I often hear these people say “I just want to be happy” and then when I ask them what happiness means to them, they say “you know… happy.”
No, I don’t know. That word has lost all meaning and is a useless emotional goal that justifies inaction.
WAKE UP. IF YOU’VE BEEN WAITING FOR A SIGN. THIS IS IT.
Every relationship is a series of decisions. And the decision to NOT make a decision is the only guarantee that you won’t get what you want. There are certain things that I believe you shouldn’t leave to chance or passively let happen to you. Love is at the top of that list.
Talking about sex is awkward, asking tough questions can mean hearing answers you aren’t ready for, working through issues can mean heartache and lots of crying, telling the truth can mean hurting the person you love (until they figure out you’re right).
But all of these things are what make great partnerships -, well great. Extraordinary even.
So if you’re still reading, it likely means you are currently in a PGR or have been in one in the past and want to avoid the deathtrap of mediocrity that comes along with it.
Here are a few suggestions:
Expect more from yourself; not your partner
When we wake up to the fact that we are in a boring-ass relationship we can be quick to blame our partner. Don’t. You are responsible for your own happiness. You can’t suddenly ask your partner to change without first putting those changes into action in your own life. Expect more from yourself and your partner will likely follow. Or they’ll scoff at your changes (what I would consider icking your wow) and you’ll know the relationship has run it’s course. Either way, blaming your partner can lead to resentment and passive hostility which is where PGR’s go to die.
Turn a PGR into a FAR
It’s possible the two of you just fell into a routine. Don’t abandon a PGR just because you’re bored. You fell in love for a reason and your partner could be the perfect collaborator in the redesign of your relationship. I’m sure they are feeling less-than-enthused about how things are going and maybe they would meet you halfway on making changes and setting new goals. And that starts with a conversation about how you’re feeling, which I know, can be very scary. But so worth it.

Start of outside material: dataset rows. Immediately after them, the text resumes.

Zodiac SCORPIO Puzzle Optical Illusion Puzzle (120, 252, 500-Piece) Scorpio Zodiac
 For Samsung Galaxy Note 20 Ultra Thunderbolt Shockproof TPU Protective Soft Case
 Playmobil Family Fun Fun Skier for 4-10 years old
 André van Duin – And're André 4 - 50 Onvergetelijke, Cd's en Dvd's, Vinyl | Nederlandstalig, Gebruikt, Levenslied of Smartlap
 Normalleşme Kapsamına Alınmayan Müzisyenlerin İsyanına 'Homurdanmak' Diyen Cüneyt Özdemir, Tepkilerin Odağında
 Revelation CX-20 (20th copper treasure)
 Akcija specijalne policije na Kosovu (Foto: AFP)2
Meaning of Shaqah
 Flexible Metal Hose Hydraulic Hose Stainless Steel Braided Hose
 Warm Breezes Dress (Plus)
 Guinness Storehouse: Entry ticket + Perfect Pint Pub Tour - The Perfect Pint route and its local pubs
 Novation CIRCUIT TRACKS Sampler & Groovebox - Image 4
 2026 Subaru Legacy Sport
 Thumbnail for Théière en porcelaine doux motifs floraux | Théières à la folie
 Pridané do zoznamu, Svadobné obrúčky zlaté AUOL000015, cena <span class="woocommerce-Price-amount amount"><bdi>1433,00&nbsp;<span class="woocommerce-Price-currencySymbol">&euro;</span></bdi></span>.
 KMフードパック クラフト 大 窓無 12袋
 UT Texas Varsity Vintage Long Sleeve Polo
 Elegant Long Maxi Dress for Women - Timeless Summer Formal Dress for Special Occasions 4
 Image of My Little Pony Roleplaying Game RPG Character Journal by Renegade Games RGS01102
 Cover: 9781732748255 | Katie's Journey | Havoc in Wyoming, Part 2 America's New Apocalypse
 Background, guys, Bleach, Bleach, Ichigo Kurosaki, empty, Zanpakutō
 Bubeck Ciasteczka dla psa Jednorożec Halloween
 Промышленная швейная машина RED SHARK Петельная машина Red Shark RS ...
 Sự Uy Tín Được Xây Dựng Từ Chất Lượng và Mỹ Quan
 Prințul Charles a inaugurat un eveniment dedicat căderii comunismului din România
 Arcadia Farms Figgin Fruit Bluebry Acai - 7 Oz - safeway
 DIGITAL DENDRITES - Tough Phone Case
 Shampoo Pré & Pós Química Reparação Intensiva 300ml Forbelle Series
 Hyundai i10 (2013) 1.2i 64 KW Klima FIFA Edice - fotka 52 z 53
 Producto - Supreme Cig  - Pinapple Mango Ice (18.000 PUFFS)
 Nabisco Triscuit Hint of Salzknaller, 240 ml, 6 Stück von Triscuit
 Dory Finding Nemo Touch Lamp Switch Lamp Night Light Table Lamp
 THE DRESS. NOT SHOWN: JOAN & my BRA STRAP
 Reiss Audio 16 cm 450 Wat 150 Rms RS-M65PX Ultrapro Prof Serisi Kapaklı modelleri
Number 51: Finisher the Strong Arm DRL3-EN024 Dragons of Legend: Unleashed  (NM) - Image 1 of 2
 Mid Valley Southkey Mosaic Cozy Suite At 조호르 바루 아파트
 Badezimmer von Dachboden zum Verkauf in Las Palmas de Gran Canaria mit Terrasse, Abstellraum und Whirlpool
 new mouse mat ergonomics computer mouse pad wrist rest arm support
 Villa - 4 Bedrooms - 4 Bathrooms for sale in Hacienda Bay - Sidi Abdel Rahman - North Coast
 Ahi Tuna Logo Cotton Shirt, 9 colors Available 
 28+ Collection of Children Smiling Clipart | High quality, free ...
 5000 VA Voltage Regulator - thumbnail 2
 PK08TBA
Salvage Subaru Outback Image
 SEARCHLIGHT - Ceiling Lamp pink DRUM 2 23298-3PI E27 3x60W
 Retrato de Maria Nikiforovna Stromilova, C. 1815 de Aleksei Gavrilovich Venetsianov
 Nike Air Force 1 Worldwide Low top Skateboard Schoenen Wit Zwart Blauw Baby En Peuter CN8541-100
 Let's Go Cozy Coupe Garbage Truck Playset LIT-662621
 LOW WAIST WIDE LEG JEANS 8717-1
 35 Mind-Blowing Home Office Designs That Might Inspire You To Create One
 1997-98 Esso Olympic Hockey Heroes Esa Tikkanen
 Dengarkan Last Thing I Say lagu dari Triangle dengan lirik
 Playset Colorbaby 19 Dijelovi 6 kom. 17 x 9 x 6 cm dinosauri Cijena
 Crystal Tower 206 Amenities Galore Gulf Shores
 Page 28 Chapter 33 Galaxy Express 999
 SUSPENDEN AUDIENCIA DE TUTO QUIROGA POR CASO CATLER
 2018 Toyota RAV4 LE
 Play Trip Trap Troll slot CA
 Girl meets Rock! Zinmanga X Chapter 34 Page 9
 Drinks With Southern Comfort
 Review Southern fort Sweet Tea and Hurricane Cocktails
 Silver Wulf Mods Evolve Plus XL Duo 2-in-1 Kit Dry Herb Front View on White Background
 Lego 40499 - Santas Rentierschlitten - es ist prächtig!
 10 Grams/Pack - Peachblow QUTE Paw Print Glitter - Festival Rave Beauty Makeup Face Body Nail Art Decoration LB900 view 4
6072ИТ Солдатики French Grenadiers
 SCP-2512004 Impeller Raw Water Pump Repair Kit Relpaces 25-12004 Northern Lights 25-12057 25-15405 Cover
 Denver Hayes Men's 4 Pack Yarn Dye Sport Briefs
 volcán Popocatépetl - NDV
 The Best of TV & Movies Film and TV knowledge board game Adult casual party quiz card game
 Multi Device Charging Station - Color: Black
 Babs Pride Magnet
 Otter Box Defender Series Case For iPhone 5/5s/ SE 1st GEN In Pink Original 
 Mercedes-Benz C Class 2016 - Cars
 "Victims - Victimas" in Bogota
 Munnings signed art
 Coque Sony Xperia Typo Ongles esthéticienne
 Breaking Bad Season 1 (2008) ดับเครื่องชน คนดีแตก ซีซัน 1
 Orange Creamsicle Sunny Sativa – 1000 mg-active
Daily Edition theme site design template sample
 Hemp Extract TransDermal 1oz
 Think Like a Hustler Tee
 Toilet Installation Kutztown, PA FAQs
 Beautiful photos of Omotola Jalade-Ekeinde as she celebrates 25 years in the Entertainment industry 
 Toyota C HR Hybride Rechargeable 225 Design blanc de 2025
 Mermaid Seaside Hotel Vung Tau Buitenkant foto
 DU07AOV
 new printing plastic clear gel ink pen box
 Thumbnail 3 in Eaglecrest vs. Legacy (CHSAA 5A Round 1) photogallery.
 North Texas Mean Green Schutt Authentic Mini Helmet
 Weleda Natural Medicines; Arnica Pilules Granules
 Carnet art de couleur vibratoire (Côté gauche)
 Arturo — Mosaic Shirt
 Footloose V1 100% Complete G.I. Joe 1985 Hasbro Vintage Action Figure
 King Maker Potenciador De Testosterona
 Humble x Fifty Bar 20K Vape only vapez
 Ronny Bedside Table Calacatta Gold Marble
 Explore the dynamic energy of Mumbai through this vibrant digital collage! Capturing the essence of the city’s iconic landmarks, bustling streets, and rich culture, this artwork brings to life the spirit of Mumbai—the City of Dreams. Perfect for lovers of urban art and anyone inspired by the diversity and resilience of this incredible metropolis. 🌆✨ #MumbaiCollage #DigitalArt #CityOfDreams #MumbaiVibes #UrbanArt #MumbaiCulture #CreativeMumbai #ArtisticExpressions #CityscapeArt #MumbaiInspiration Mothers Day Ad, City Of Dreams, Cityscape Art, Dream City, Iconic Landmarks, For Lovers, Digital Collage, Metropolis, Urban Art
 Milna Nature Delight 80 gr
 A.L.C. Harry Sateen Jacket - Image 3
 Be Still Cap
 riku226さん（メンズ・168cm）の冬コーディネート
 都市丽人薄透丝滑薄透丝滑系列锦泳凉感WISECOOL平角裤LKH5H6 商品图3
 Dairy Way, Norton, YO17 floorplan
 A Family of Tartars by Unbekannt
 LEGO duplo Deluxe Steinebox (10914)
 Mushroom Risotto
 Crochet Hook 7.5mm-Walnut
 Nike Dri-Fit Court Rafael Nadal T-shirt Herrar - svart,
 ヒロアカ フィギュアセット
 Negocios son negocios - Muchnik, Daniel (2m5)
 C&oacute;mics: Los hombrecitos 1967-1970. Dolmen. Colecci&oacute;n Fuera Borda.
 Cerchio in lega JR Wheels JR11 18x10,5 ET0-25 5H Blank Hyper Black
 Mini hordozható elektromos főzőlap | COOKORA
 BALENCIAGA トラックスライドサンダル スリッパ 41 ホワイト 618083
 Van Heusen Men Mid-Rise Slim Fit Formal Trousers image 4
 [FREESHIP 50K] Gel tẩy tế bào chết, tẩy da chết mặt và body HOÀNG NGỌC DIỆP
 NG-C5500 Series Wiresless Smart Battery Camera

This is your opportunity to flip your PGR on it’s head and make it a Fucking Awesome Relationship (FAR). Acronyms are everywhere.
Let it fade with grace
A successful relationship is one that you got out of in the right moment. We blubber about our “failed relationship” when we break up with someone, but I can’t imagine a better sign of success than acknowledging the end of a season and moving the fuck on. IF you intuitively know that this isn’t the relationship you want to be in for the rest of forever, let it gracefully end. Try a separation to see if your mood improves. A few weeks apart will quickly define whether your relationship is awesome and just got a bit stale, or if fear of loneliness is keeping you in a bad relationship too long. You will miss that person, but trust your gut on pursuing other people, or recommitting to your person.
Take space to figure it out
It’s ok to say you don’t know what you want right now. Maybe it’s best to move on, maybe it’s time to double down and commit. Only your intuition knows what you really want and your intuition doesn’t always give answers immediately when we demand them. If you can’t feel a difinitive Hell yes or no – give it a sec, jeez. Create space for your intuition machine to work it’s magic and you’ll feel a pull towards one answer when the moment is right. Communicate with your partner that you need some time and space to figure your shit out because whatever direction you move it, you want to do it without regret and for the right reasons.
Don’t listen to fear
As a society we have a prescribed timeline for relationships. We date for a few weeks, then we get all exclusive and when the L word gets thrown around enough we are expected to start thinking about engagements and marriage and tiny human beings that live with us. When our relationships don’t follow the prescribed paths we tend to freak out. Fear takes hold and we are paralyzed by the overwhelming life decisions that need to be made. So we don’t make any decision at all. Not to sound redundant, but – fear of commitment and fear of loneliness aren’t good decision makers.
Having a great relationship takes courage. Demand a FAR.